◆ RECORDS SHOWN ◆

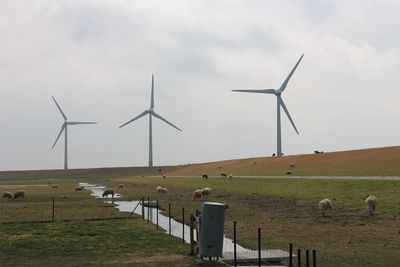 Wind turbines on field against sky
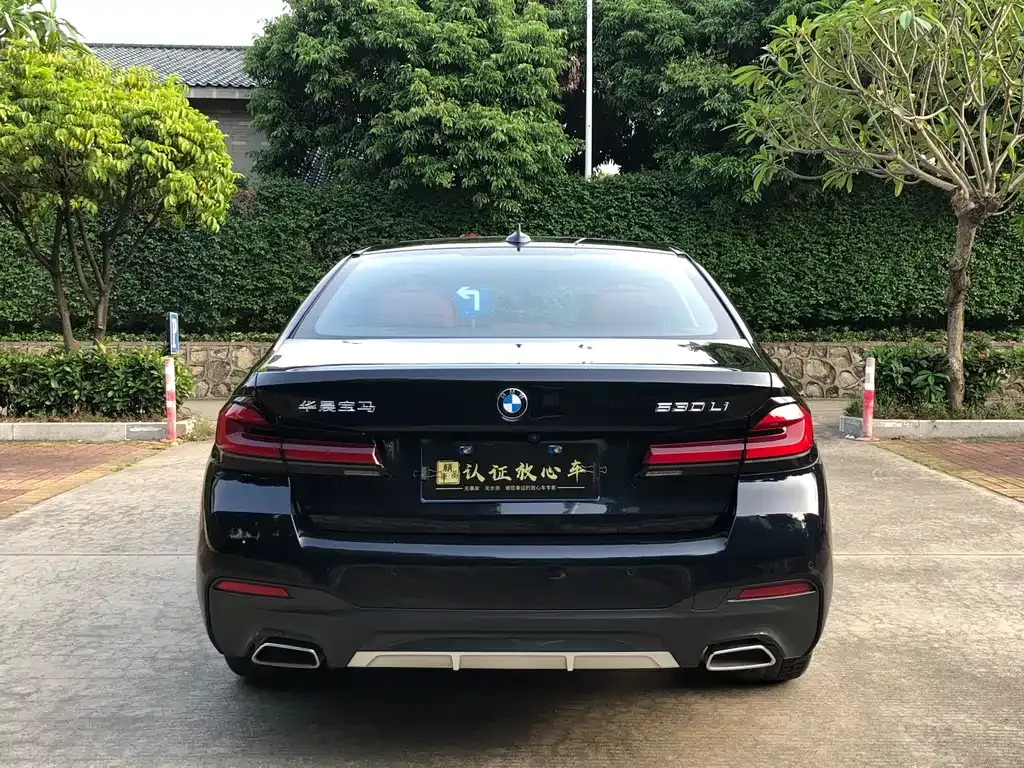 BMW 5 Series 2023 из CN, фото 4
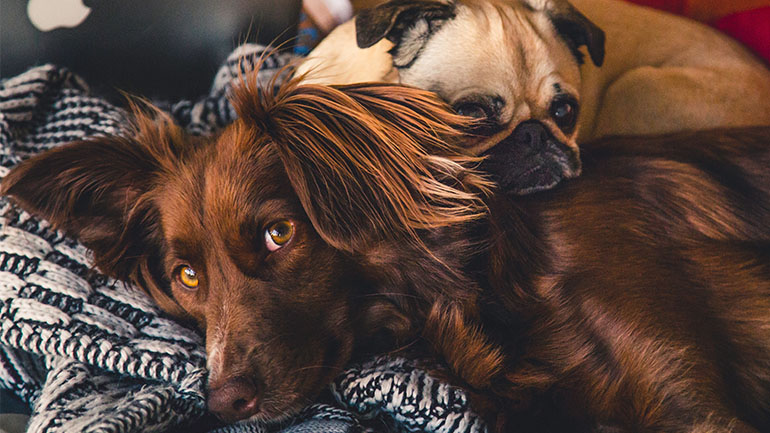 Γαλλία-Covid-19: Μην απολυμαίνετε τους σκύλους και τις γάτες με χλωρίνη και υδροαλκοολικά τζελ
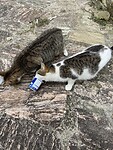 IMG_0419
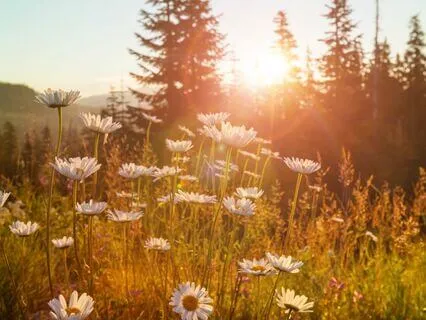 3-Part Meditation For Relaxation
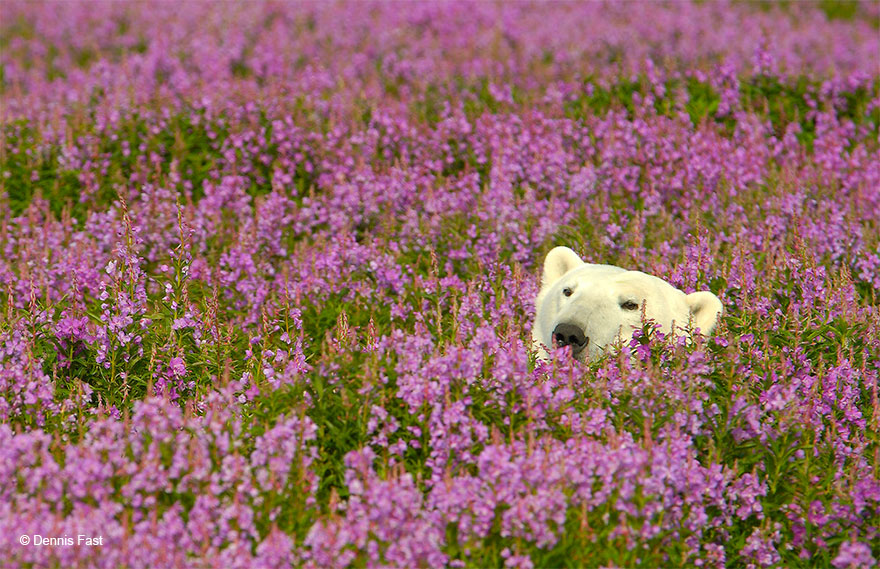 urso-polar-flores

◆ PROBLEM TO WORK ON ◆
Your answer is an exact copy of the records above, stripped of pictures.

◆ RESPONSE TO THIS TASK ◆
 Wind turbines on field against sky
 BMW 5 Series 2023 из CN, фото 4
 Γαλλία-Covid-19: Μην απολυμαίνετε τους σκύλους και τις γάτες με χλωρίνη και υδροαλκοολικά τζελ
 IMG_0419
 3-Part Meditation For Relaxation
 urso-polar-flores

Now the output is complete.